===== DATA SUPPLIED

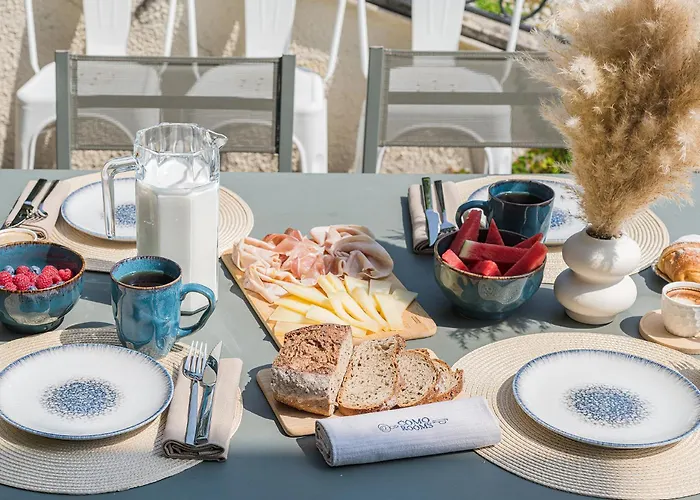 Belvedere By Comorooms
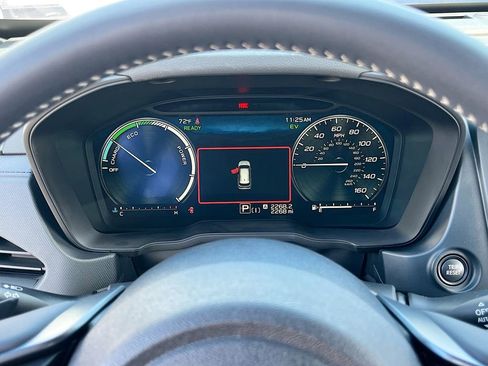 Used 2025 Subaru Forester Limited image 12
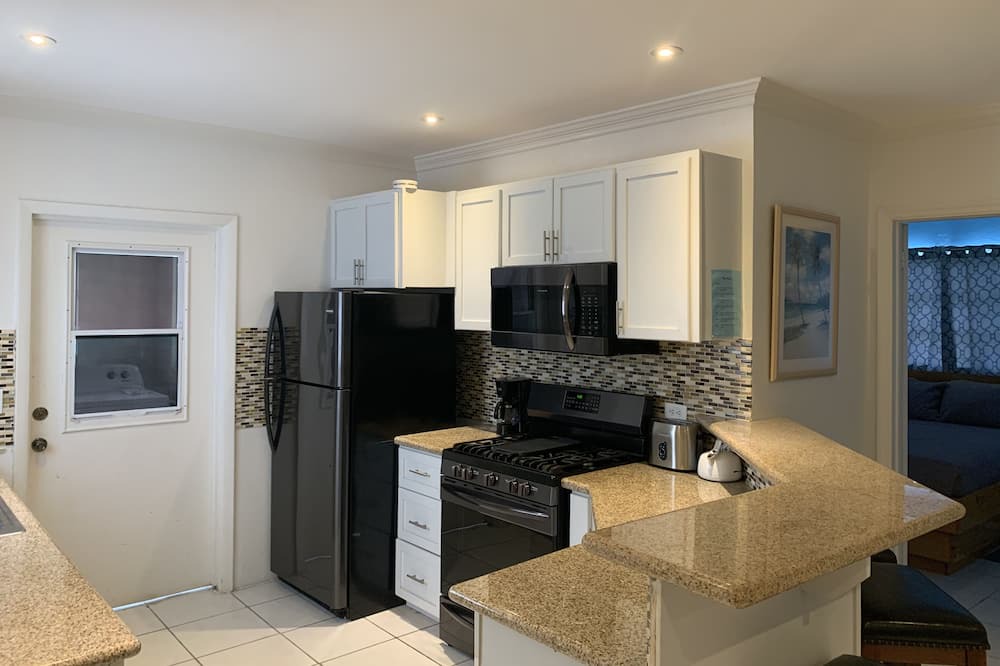 Photo of Kitchen in Rokers Point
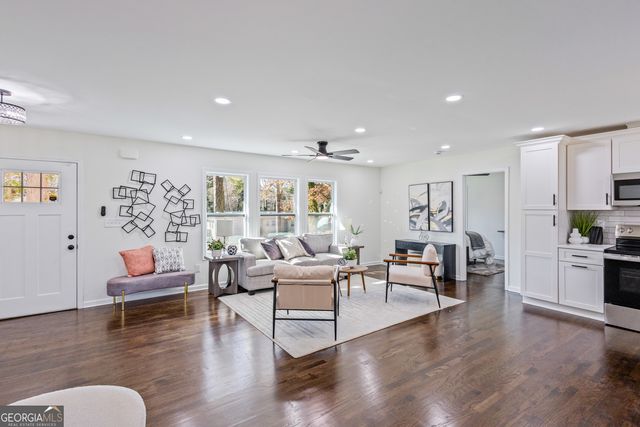 3252 Pinehill Drive, Decatur, GA 30032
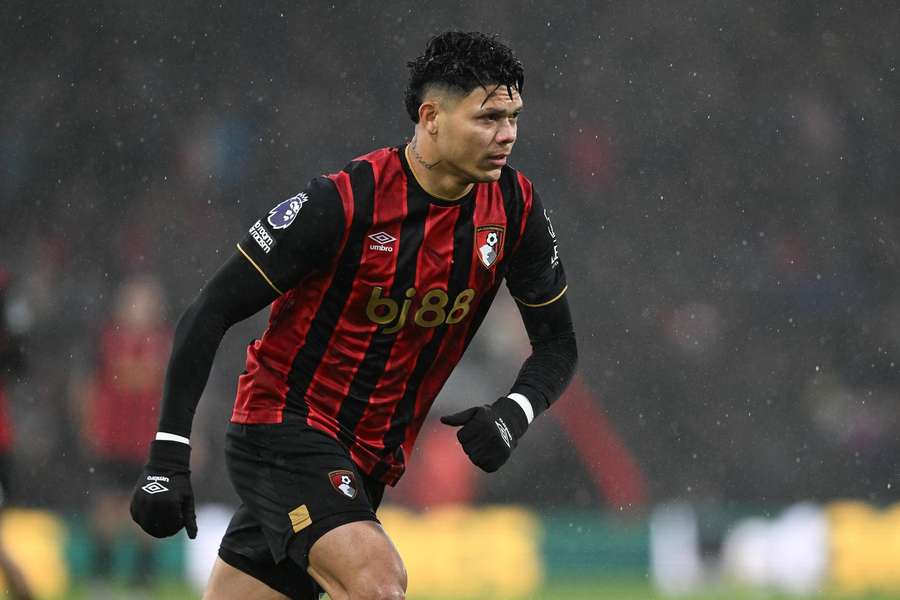Bournemouth boss Iraola tells Evanilson: Don't obsess on this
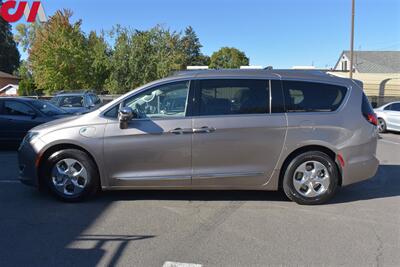 2018 Chrysler Pacifica Hybrid Limited  4dr Mini-Van! Back Up Cam! Blind Spot Monitor! Parking & Lane Assist! Navi! Heated & Ventilated Seats! Powered Doors & Liftgate! Rear Seat Entertainment System! Pano- Sunroof! - Photo 9 - Portland, OR 97266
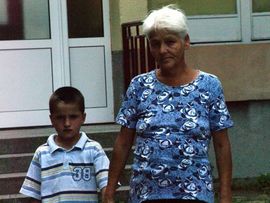 Othranila dječaka kojeg je ostavila nepoznata žena, sad oboje gladuju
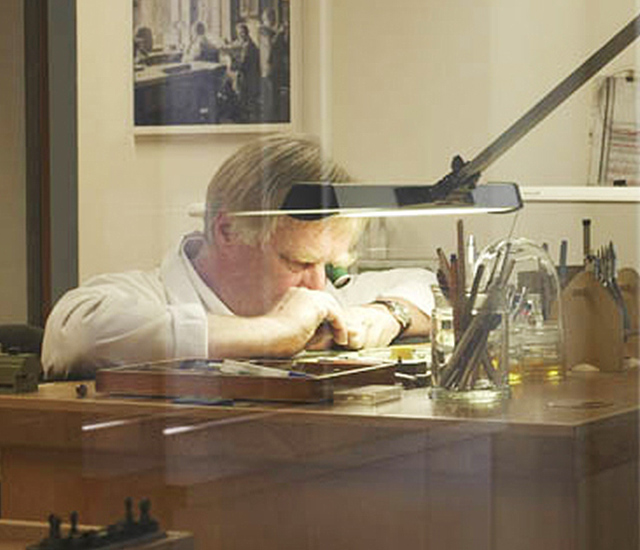 全程透明_金华亨得利腕表维修服务中心 全程透明_金华亨得利钟表维修服务中心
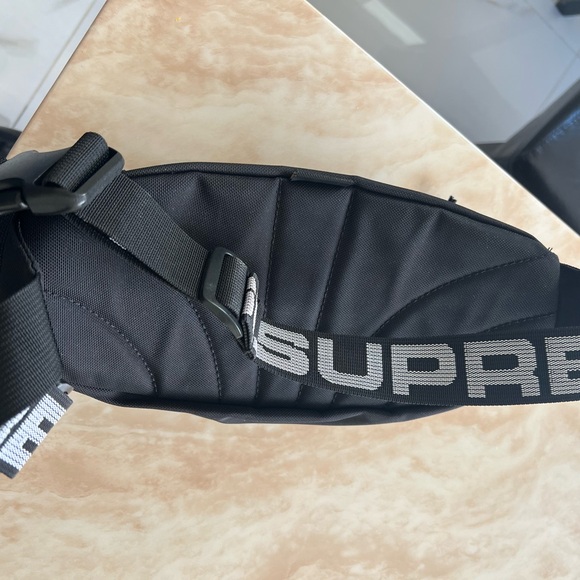 Supreme Waist Bag SS18 - Picture 2 of 2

==========

• **TASK TO CARRY OUT**
Excluding the pictures, retype the line containing "Used 2025 Subaru Forester Limited image 12" and all lines after it down to the end of the data above.

• **EXERCISE OUTPUT**
 Used 2025 Subaru Forester Limited image 12
 Photo of Kitchen in Rokers Point
 3252 Pinehill Drive, Decatur, GA 30032
Bournemouth boss Iraola tells Evanilson: Don't obsess on this
 2018 Chrysler Pacifica Hybrid Limited  4dr Mini-Van! Back Up Cam! Blind Spot Monitor! Parking & Lane Assist! Navi! Heated & Ventilated Seats! Powered Doors & Liftgate! Rear Seat Entertainment System! Pano- Sunroof! - Photo 9 - Portland, OR 97266
 Othranila dječaka kojeg je ostavila nepoznata žena, sad oboje gladuju
 全程透明_金华亨得利腕表维修服务中心 全程透明_金华亨得利钟表维修服务中心
 Supreme Waist Bag SS18 - Picture 2 of 2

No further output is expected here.